Follow these patterns for consistent label naming:

  • Use lowercase alphanumeric characters
  • Separate words with hyphens
  • Use descriptive prefixes for categorization

Examples:

team-ml-gpu
env-prod-tier1
storage-ssd-nvme

Label Hierarchies

Organize labels hierarchically for better management:

# Parent node
bacalhau serve -c Labels="tier=core,env=prod"

# Specialized child node
bacalhau serve -c Labels="tier=edge,env=prod,gpu=true"

Constraint Composition

# AND logic (all must match)
bacalhau docker run \
--constraints "storage=ssd" \
--constraints "cpu-arch=x64" \
high-performance-job

# OR logic with value lists
bacalhau docker run \
--constraints "zone in (us-east1,us-west2)" \
multi-region-job

# Exclusion patterns
bacalhau docker run \
--constraints "maintenance!=true" \
time-sensitive-job

Advanced Use Cases

Security and Compliance

# Ensure compliance requirements
bacalhau docker run \
--constraints "security=hipaa" \
--constraints "encryption=enabled" \
sensitive-data-job

# Network isolation
bacalhau docker run \
--constraints "network=private" \
--constraints "public-access=false" \
internal-job

Resource Optimization

# Cost-optimized scheduling
bacalhau docker run \
--constraints "instance-type=spot" \
--constraints "cost-tier=low" \
batch-job

# Performance optimization
bacalhau docker run \
--constraints "storage-type=nvme" \
--constraints "network-speed gt 10" \
latency-sensitive-job

Multi-team Coordination

# Team resource allocation
bacalhau docker run \
--constraints "team in (data,research)" \
--constraints "project=genomics-2024" \
shared-resource-job

# Label deprecation management
bacalhau serve -c Labels="legacy-system=phase-out,retirement-date=2025-Q1"
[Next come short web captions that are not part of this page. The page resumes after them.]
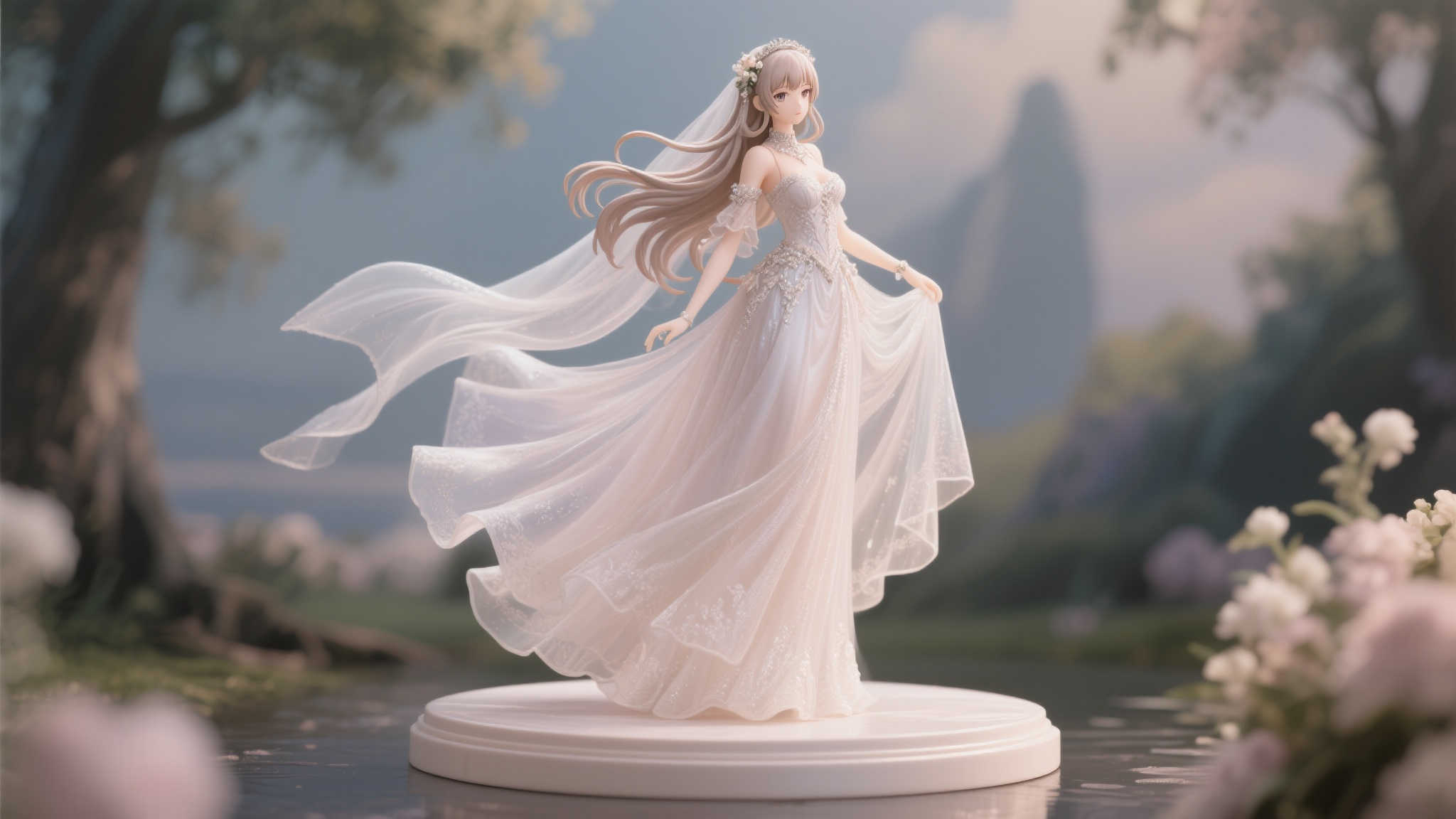 MAGI ARTS《碧蓝航线》海伦娜纯白奇迹版精美手办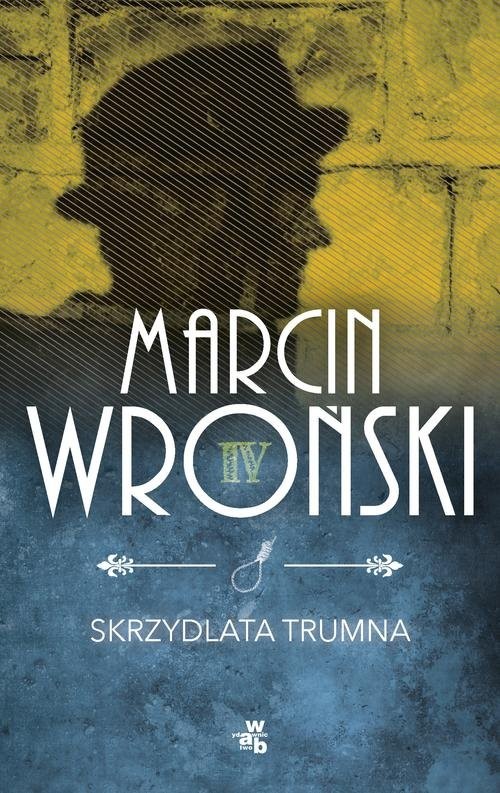 okładka Skrzydlata trumna książka | Marcin Wroński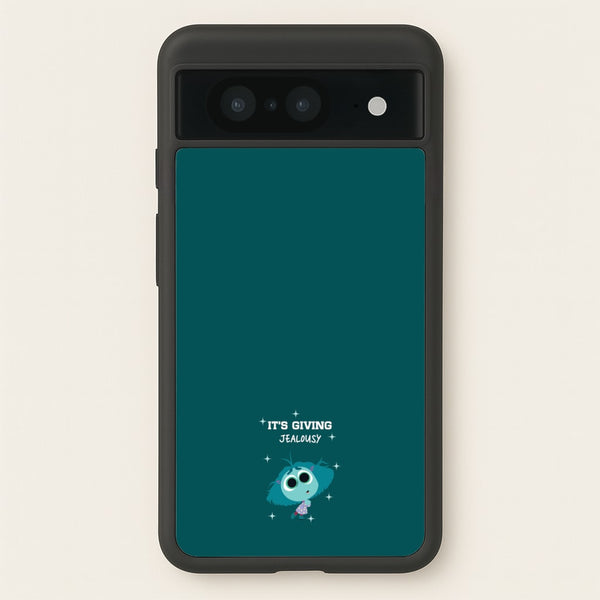 It's Giving Jelousy - Inside Out - Disney Phone Case for Google Pixel 8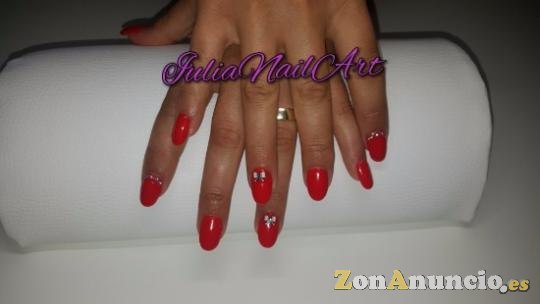 uñas de gel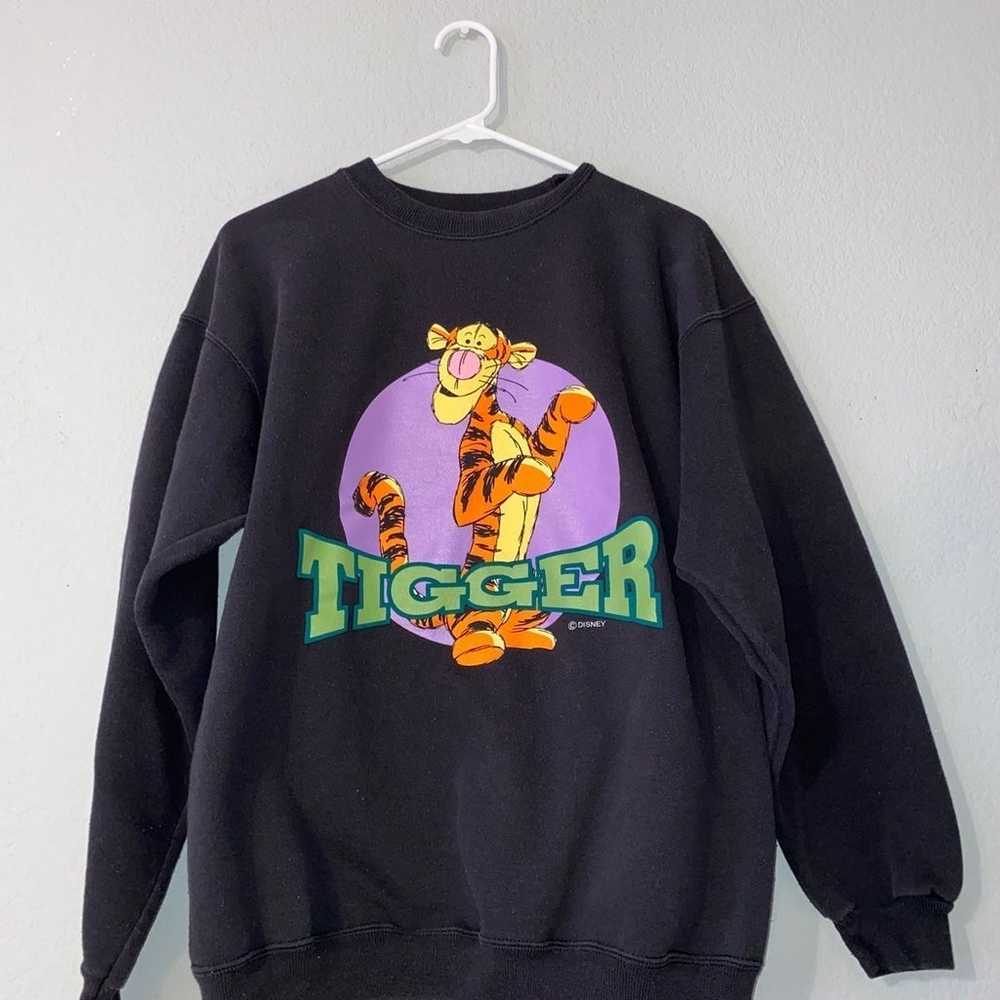 Vintage Disney Tigger Crewneck Sweatshirt Size Me… - image 1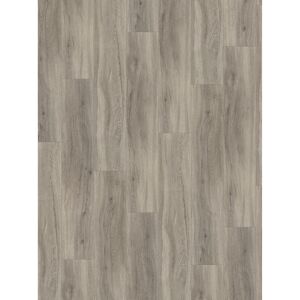 Designboden 'Basic 5.3' Eiche pastellgrau 5,3 mm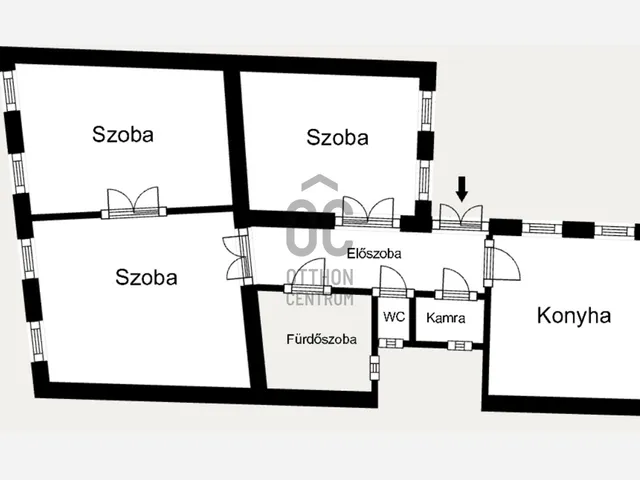 Eladó lakás Budapest VI. kerület, Izabella utca 102 nm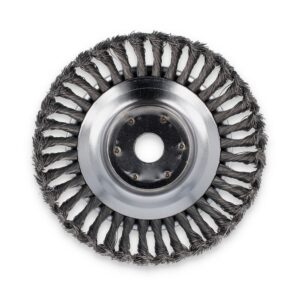 Cepillo metálico para desbrozadora, ø200 mm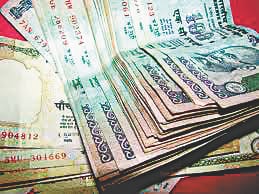 lack of currency in moradabad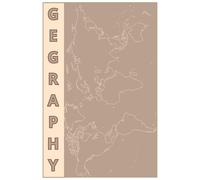 Geography Notebook - Minimalist 6x9 Lined Journal for Students | School Subject Composition Book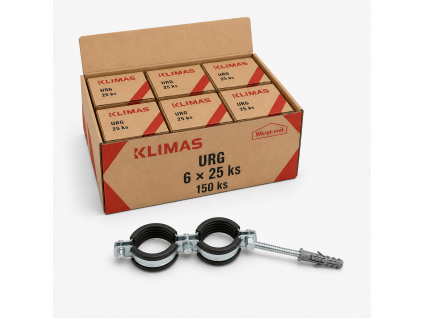 URG-2X1K – kartónové balenie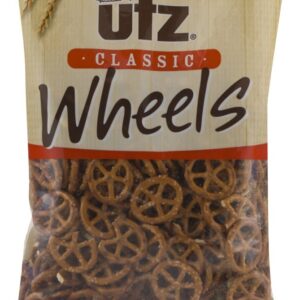 Utz Classic Wheels Pretzels 16 oz. Bag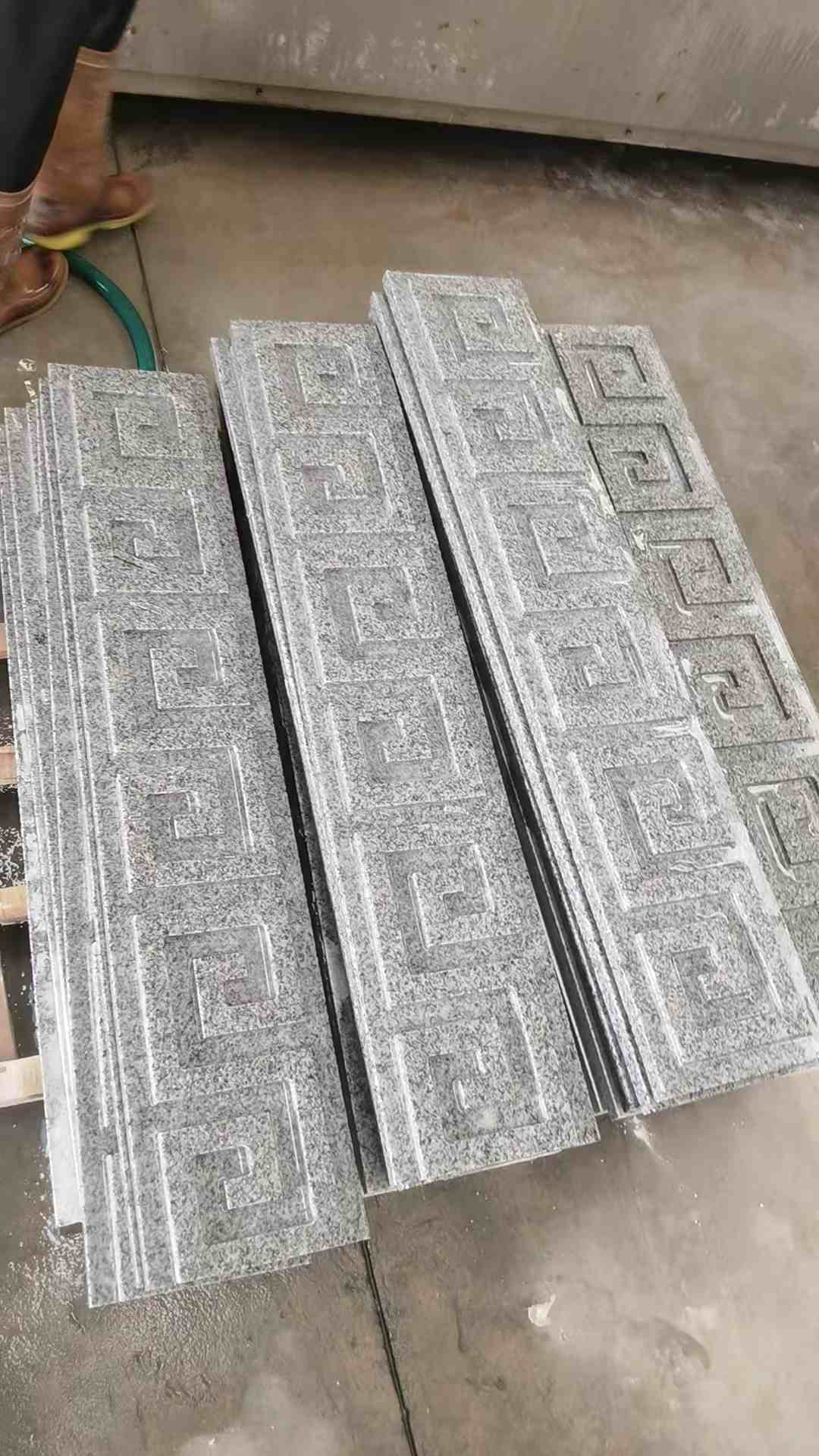 呼和浩特 别墅回纹线条，雕刻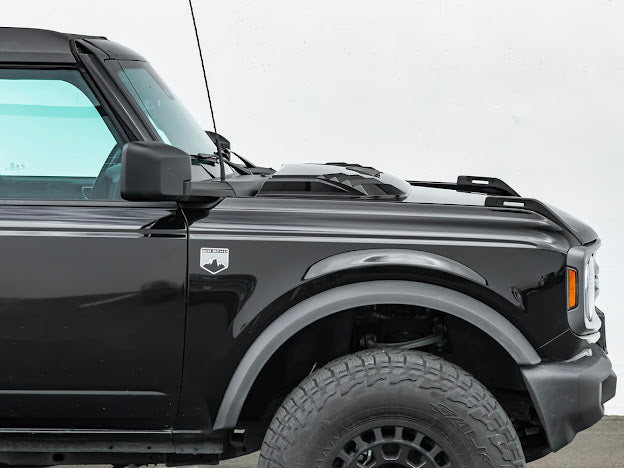 2021-UP FORD BRONCO RAPTOR PACKAGE FRONT HOOD VENT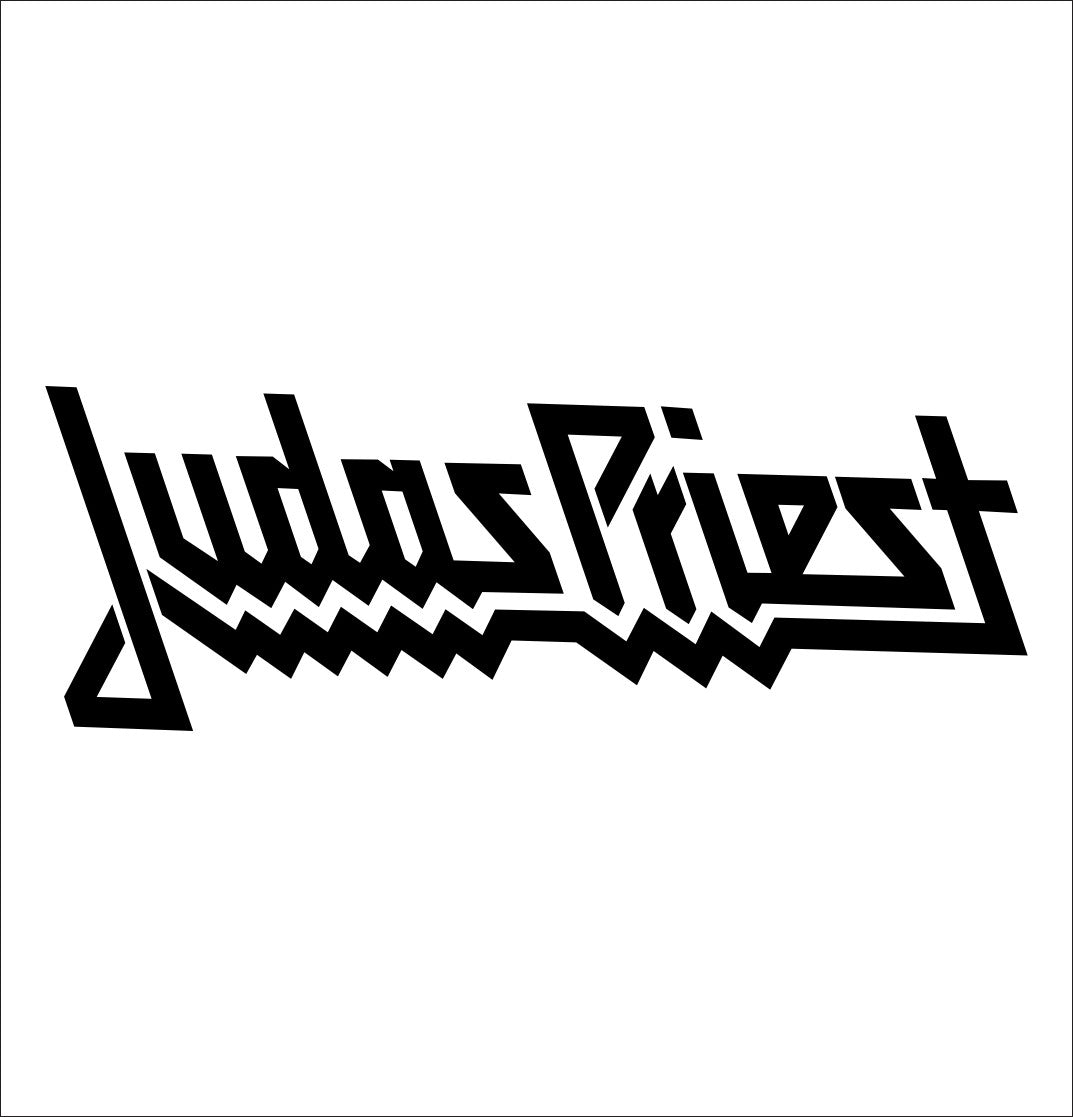 judas priest band decal, sticker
Monitoring and Maintenance

Label Updates

Remember that label changes require node restarts. After updating labels:

  1. Gracefully stop the node
  2. Apply new configuration
  3. Restart the node
  4. Verify labels with bacalhau node list

Monitoring and Troubleshooting

# List all node labels
bacalhau node list --output json | jq 'map(.Info.Labels)'

# Check job constraint matches
bacalhau job describe JOB_ID --include-events

Troubleshooting Common Issues

No Matching Nodes

If your job fails with no matching nodes:

  1. Check available nodes and their labels:

    bacalhau node list --output json
  2. Verify your constraints aren't too restrictive:

    # Instead of
    --constraints "mem-gb gt 128"
    # Try
    --constraints "mem-gb gt 64"
  3. Ensure required nodes are online:

    bacalhau node list --labels "required-label=value"

Conclusion

Effective use of Bacalhau's label and constraint system enables precise control over workload placement and resource utilization. Follow these best practices:

  1. Use consistent naming conventions
  2. Document your label taxonomy
  3. Regularly audit and clean up unused labels
  4. Test constraints before production deployment
  5. Monitor constraint patterns for optimization opportunities

For additional support, consult the Bacalhau documentation or community resources.